On the subject of rebalancing Fei, I’ll leave my two cents before disappearing into the darkness again:
1) Rekkas:
LP (40-45-50)= 125 damage after scaling.
MP (45-50-50)= 130
HP (50-50-50)= 140
EX (60-60-60)= 168
Less reward for random safe Rekka x1 and less hit-confirmable damage (23 less for LP, 28 less for MP, 28 less for HP, 15 less for EX).
2) Flame Kick damage:
LK (120)
MK (110)
HK (80+50)
EX (180)
This makes it more difficult for Fei to get huge damage from anti-airing/mashing that exists with the current damage tier of 120, 140, 160, 200. This also gives LK some use in combos as a damage dealer (for FADC use) while preserving MK’s usefulness as a single-hit FK due to its better invincibility and damage output for AA’s and occasional mashing. HK becomes more useful since it does much more damage as a naked AA, though it will still be hard to use effectively because of its damage split, will whiff on certain characters as it does now, and will still require the opponent to do a bad jump to get both hits cleanly.
3) CW stats:
LK: (40-40-50)= 110
------12-frames, 6 frames invincibility, (-4b, +0h)
MK: (30-30-50)= 100
------16-frames,10 frames invincible, (-2b, +2h)
HK: (45, 45)= 45/hit
------18-frames, 0 invincibility, 2-hits armor break, non-comboing (+0b, +4h)
EX: (45-45)= 90 (combos, two-hit change is only aesthetic)
------18-frames, no full invin (only projectiles), 2-hits armor break (+0b, +4h)
This de-emphasizes randomness with CWs for comebacks, providing limited gain on the CWs that DO have invincibility and adding combo value to LK CW by making it faster. HK CW becomes two non-comboing hits to give the opponent another chance to block even if the first hit connects (quick hits, so you must block quickly). 2-hits armor break is a buff which will ultimately help Fei’s ground game since it shies the opponent away from charging a random long-distance focus attack (to catch Rekkas), but it comes at the price of invincibility that Feis have long relied on for cross-up escapes and throw evasion. This does help make HK CW more useful in some way as it no longer becomes focus food at long-range.
With a faster start, LK CW will be more consistent as a BnB-ender (st.LP is the only light attack with enough hitstun to combo into it currently).
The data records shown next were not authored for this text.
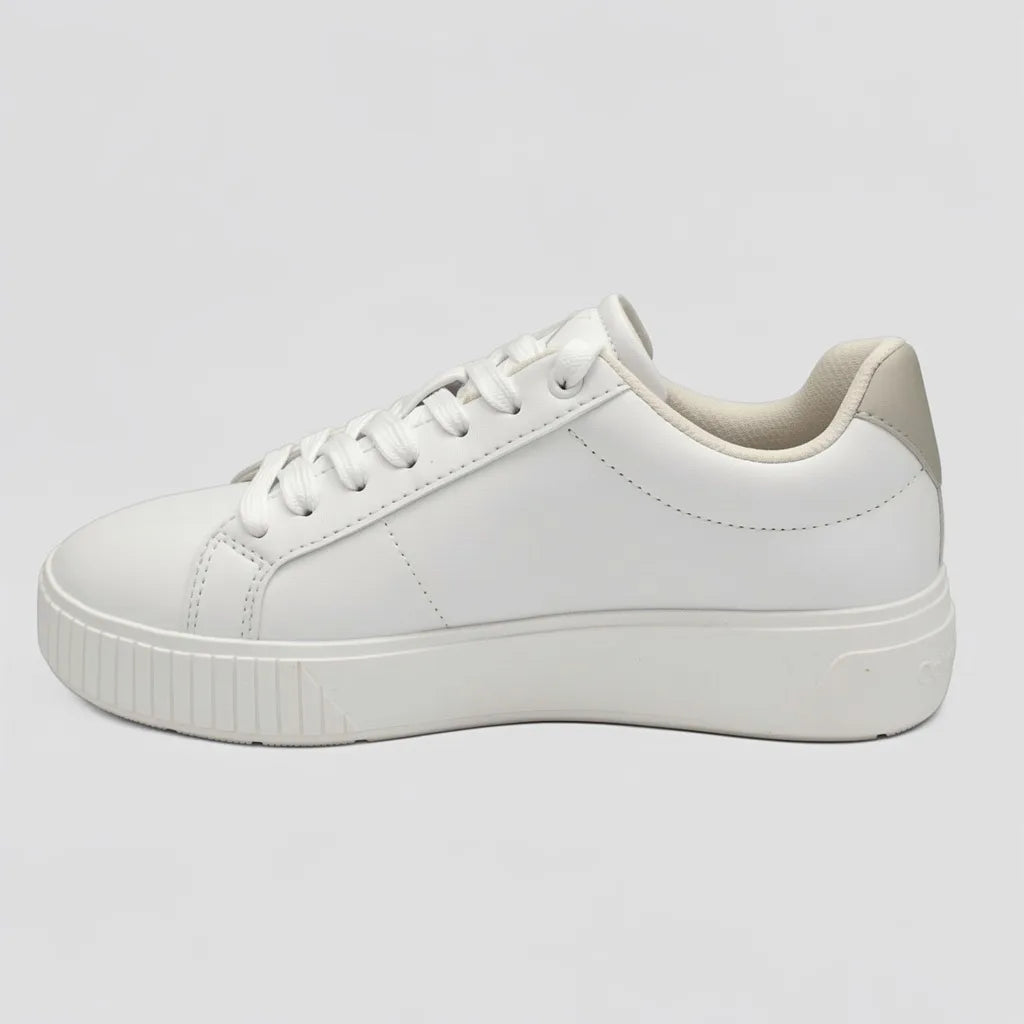 Calvin Klein Tenis Plataforma Blanco Detalles Gris Claro Lengüeta y Talón Suela Blanca | Photo Studio AI | 2
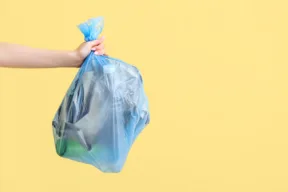 una busta dell'immonidizia in primo piano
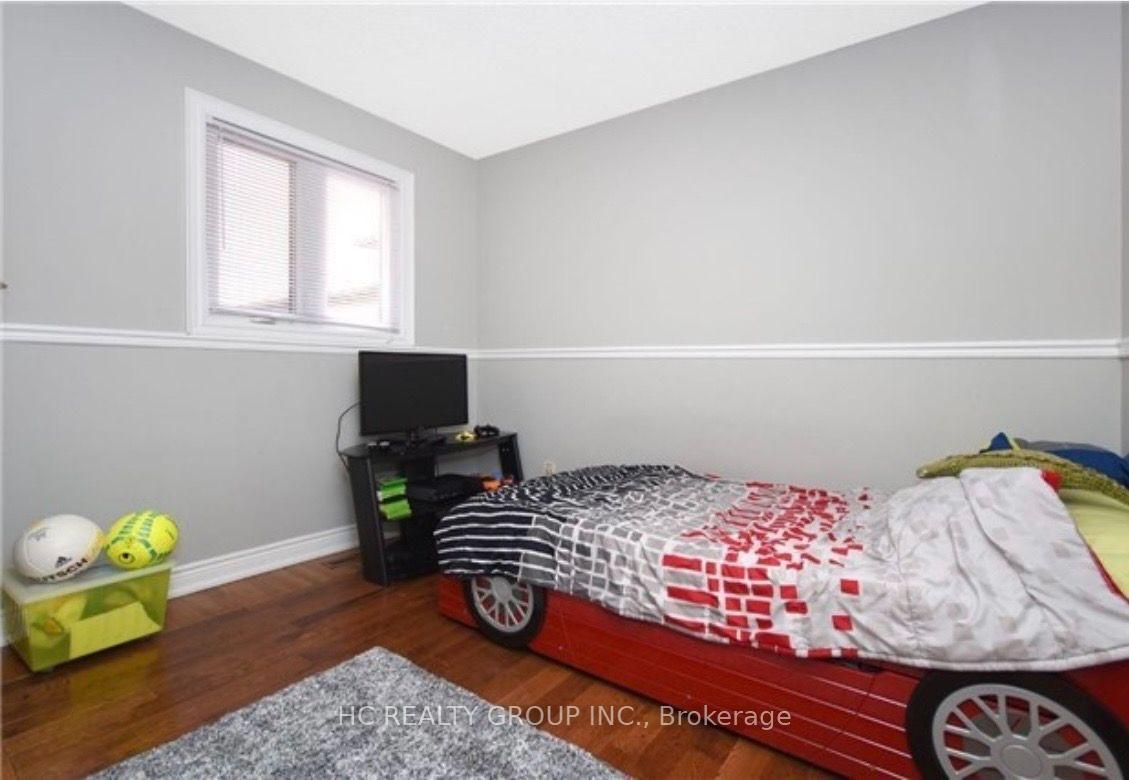 Photo 17 of 1482 Prince John Circle, Oakville, Clearview — HOMEH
This gives Fei the opportunity to choose: A) Rekka knockdown into the corner, B) Flame Kick knockdown up close with FADC opportunity, or C) LK CW ender with a +0 mix-up at the end.
- Normals/Super:
cr.HP: (90)
st.HP: (90)
cl.HP: (80)
cr.MK: (70)
cl.HK: (110)
st.LP: (20)
j.HK: (90)
Super: (350)
Combos:
cr.LK, st.LP, cr.LP xx Rekkas (HP)
— AE: (174) [w/j.MP = 228]
— '12: (151) [w/j.MP = 205]
cl.HP xx Flame Kick (max dmg) xx FADC > CW (max dmg)
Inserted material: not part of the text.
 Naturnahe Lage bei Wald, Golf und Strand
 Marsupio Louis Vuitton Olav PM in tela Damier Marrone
— AE: (352) [w/j.HP = 410]
— '12: (288) [w/j.HP = 353]
EX CW > cl.HP xx Flame Kick xx FADC > CW (max dmg) > Ultra
— AE: (470) (sub in HK CW: 510)
— '12: (403) (sub in HK CW: 358)
The damage reduction, while small in any one area, is widespread enough to target most of Fei’s combos and change his tactics. LK CW changes can give Ken-like mix-ups following a BnB which may seemingly encourage randomness, however, Flame Kick nerfs make that aspect less appealing unless you have some meter advantage. HK CW’s appeal grows as a compliment to Rekkas by stopping Focus abuse (perhaps more on a meta-game level), while overall becoming less useful as an approach due to its non-comboing hits. Similarly, EX CW also becomes useless as a comeback tool, while becoming more useful as an approach tool vs characters without a good DP.
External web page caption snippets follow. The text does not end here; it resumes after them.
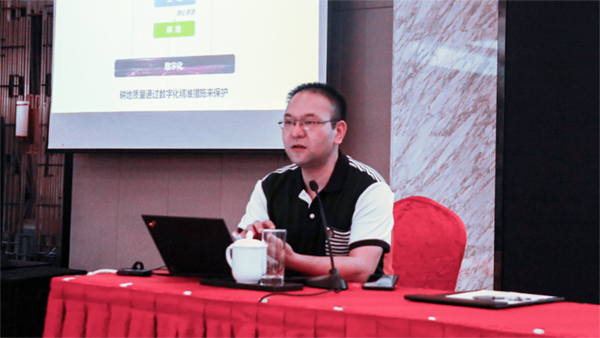 乐鱼副总经理钱鹏作专题汇报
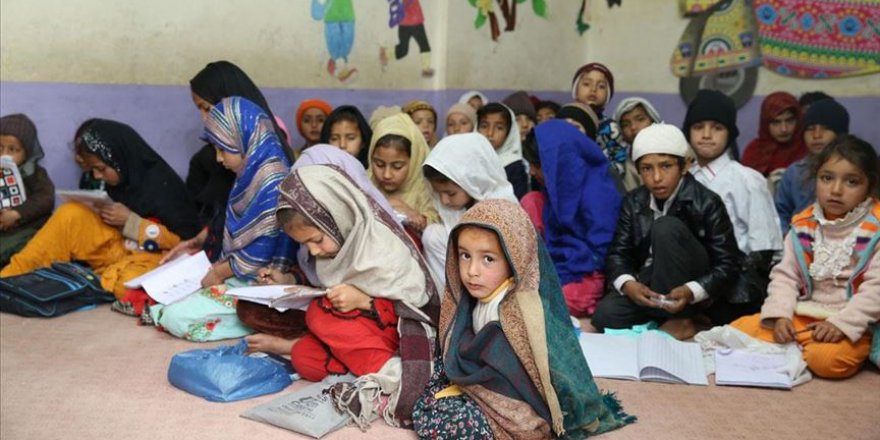 Türk Kızılaydan 265 Pakistanlı öğrenciye kırtasiye yardımı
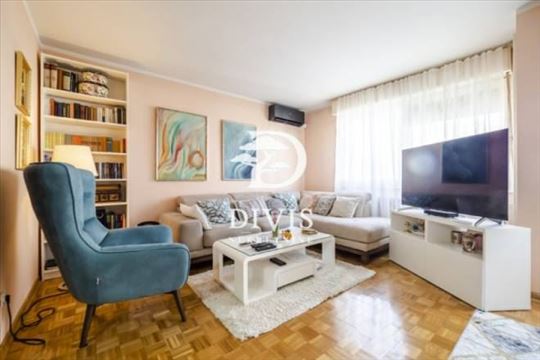 Trosoban stan sa dve lođe na Donjem Dorćolu, 85m2
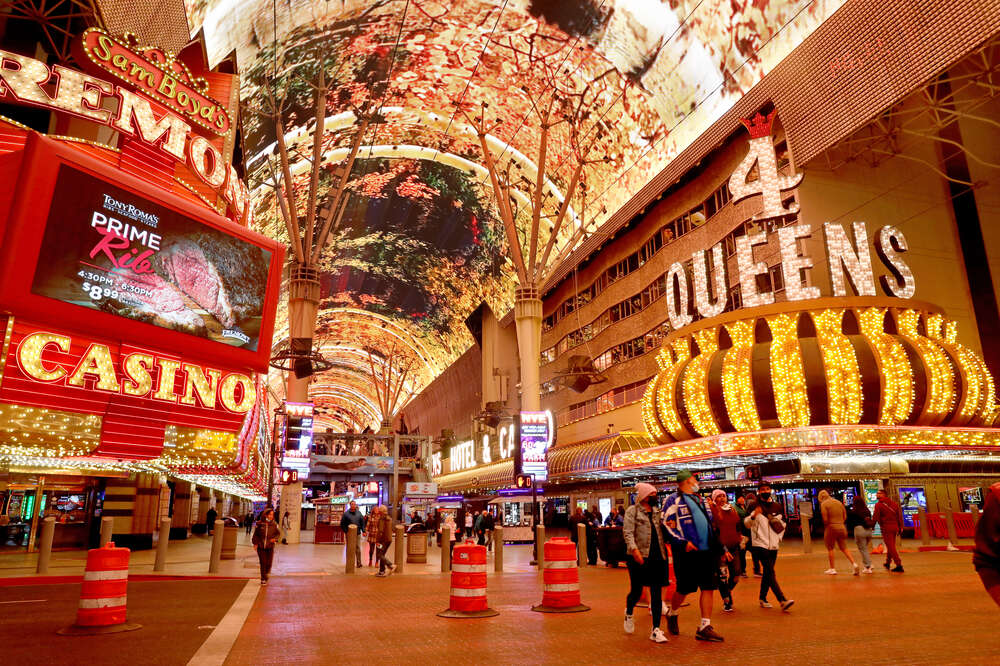 New Year's Eve 2012 at Las Vegas' Fremont Street Experience - Rok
I think this places greater emphasis on Fei’s ground game while improving his chance to get in on opponents without an invincible AA to counter HK/EX CW. This also reduces the number of chances to get the CW > cl.HP combo on opponents which makes everyone happy. Aside from all of this, Fei shouldn’t need much else to place him in high-mid or just plain mid-tier. Once his damage comes into line with the other characters, there will be much less room for mistake and Fei’s “perfect” fundamentals-based game will see more human error come into play. That’s really the major issue here.